However, in the grand scheme of public sector finance, that number is almost assuredly not enough to ding California’s credit rating, in large part because the state already owes so much money. In other words, while not a drop in the bucket, $20 billion is not enough to move the needle.
Defining the state’s debt is a bit tricky – there are current liabilities (imagine the things you technically owe right now but haven’t paid the bill yet, like a credit card balance at the beginning of the month versus at the end) and noncurrent liabilities, which is debt like bonds. The state’s pension and benefits systems future liabilities make up about 60% of that debt, but those numbers have been subject to debate as they are in part based on projected future pension funds returns and other economic vagaries.
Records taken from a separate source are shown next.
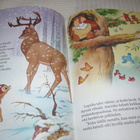 Disney Bambi - pikkukuva 3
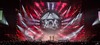 MAC Viper AirFXs pay tribute to classic Queen shows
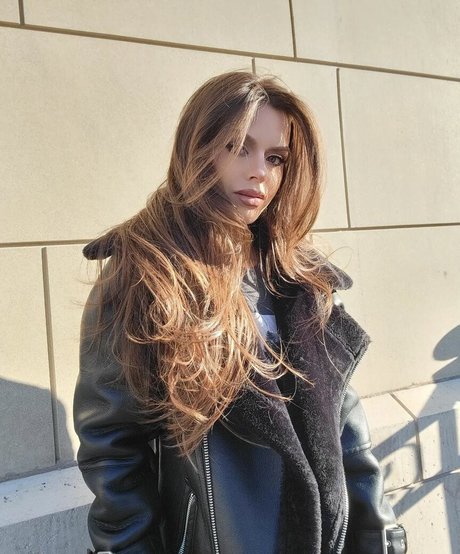 adelinesofficial onlyfans images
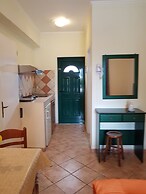 Villasabella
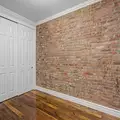 2 bedrooms apartment for rent in Nolita / Bowery - Manhattan, New York
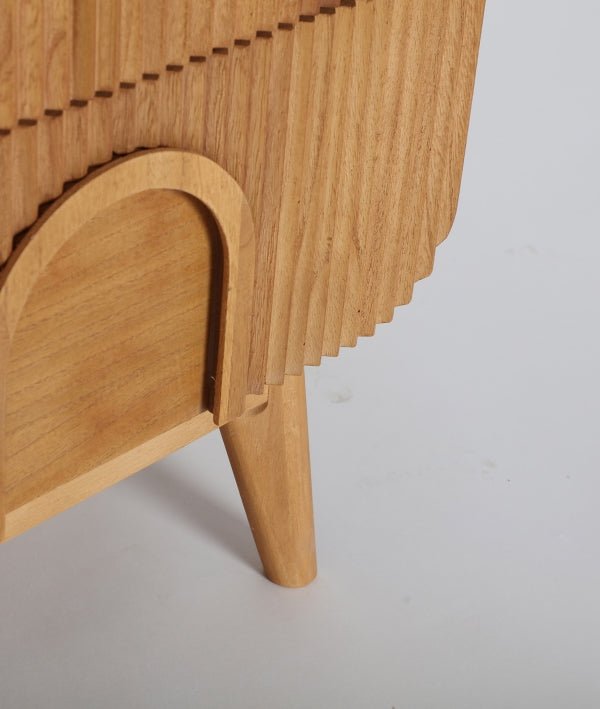 Valhey chest - Ideal Furniture ES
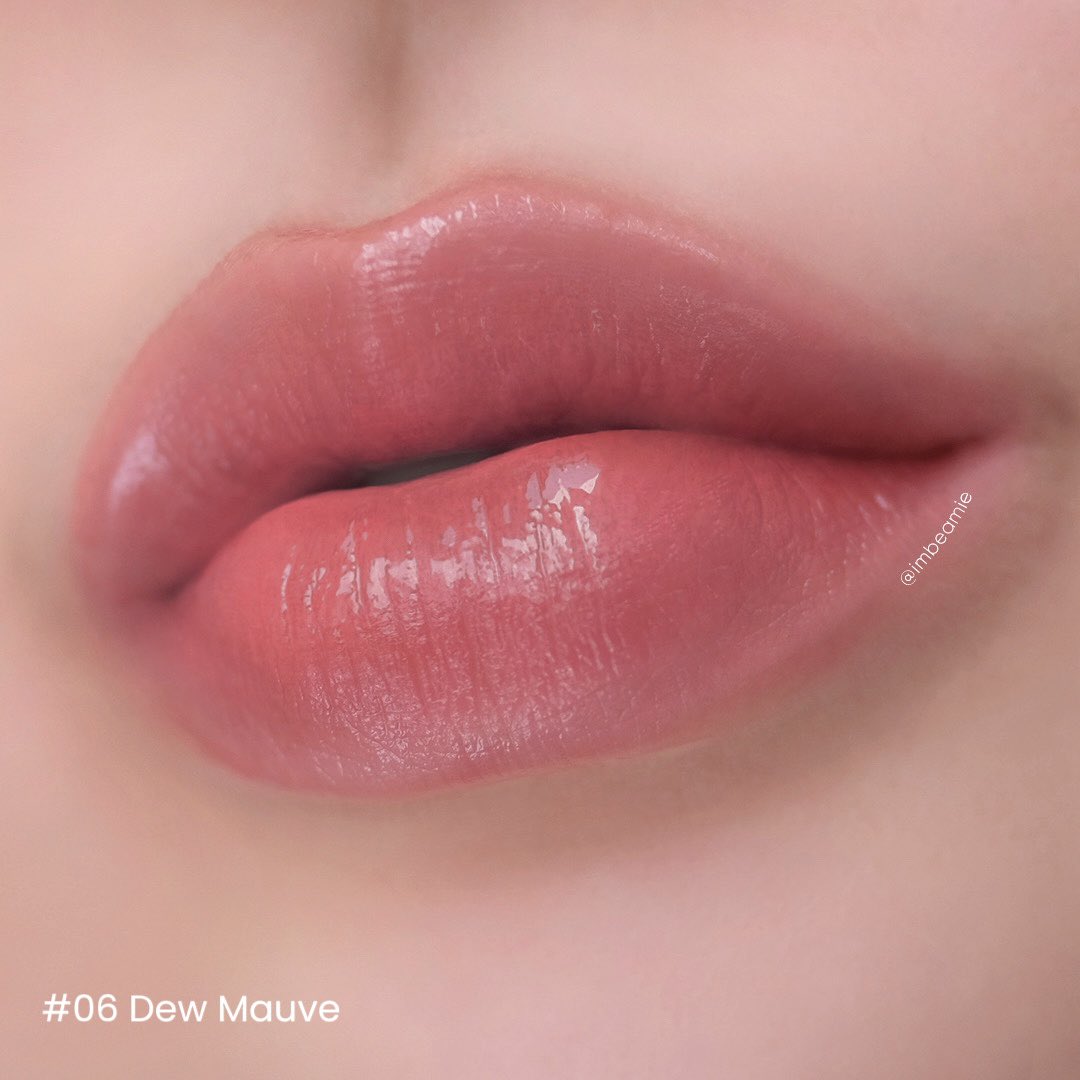 💖บีมมี่💖มิสโคเรีย ᐧ༚̮ᐧ✨ tweet media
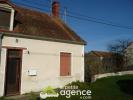 For sale House Grossouvre  18600 83 m2 4 rooms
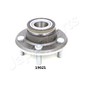 Japanparts Cuscinetti Ruota Kk-19021 Japanparts Cuscinetti Ruota Kk-19021
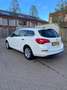 Opel Astra 2.0 TDCi Edition Wit - thumbnail 3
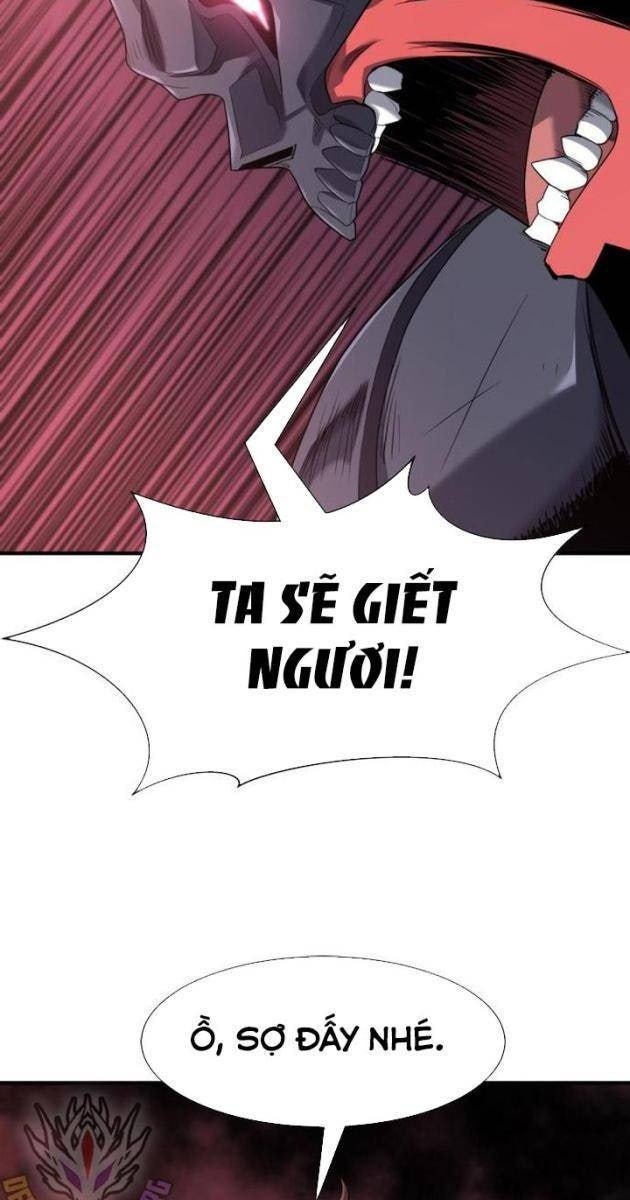 Kĩ Sư Bá Nhất Thế Giới - Page 85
The bottom-line ongoing debt is, according to the latest figures available which are about a year old, is $330 billion ($185 billion pension/benefit). That means the EDD fiasco added only about 6% to the total debt.
And that’s not really enough to ding the rating, said Cato Institute policy analyst Marc Joffe.
That state already has a weak credit rating – depending on the rating agency it’s about 44th of 50.
But Joffe said the sheer size of the state’s economy plays a huge role in the rating determination. The state’s “Gross State Product” (like a state-level gross domestic product) is more than $3.5 trillion dollars, meaning the state’s debt is only about 10% of the economy. For comparison, the federal government’s debt to GDP ratio is actually about 122%.
Even though the debt to GPS for California is low, it still has a bad credit rating – why?
“The state has very poor financial controls,” Joffe said.
While the state will most likely not pull a dotty grandmother and mail Billy’s birthday check to the electric company, the fact that the state has a history of sloppy work (see the EDD, etc. ad infinitum) and an inability to make any necessary reforms makes raters pale.
Another factor in the rating is California’s over-dependence on income taxes to pay the bills. More than 60% of the state’s revenue is from the income tax, leaving it significant risk to economic fluctuations, Joffe said.
“Revenue volatility” will push credit ratings down, Joffe said.
Especially with so many people moving out.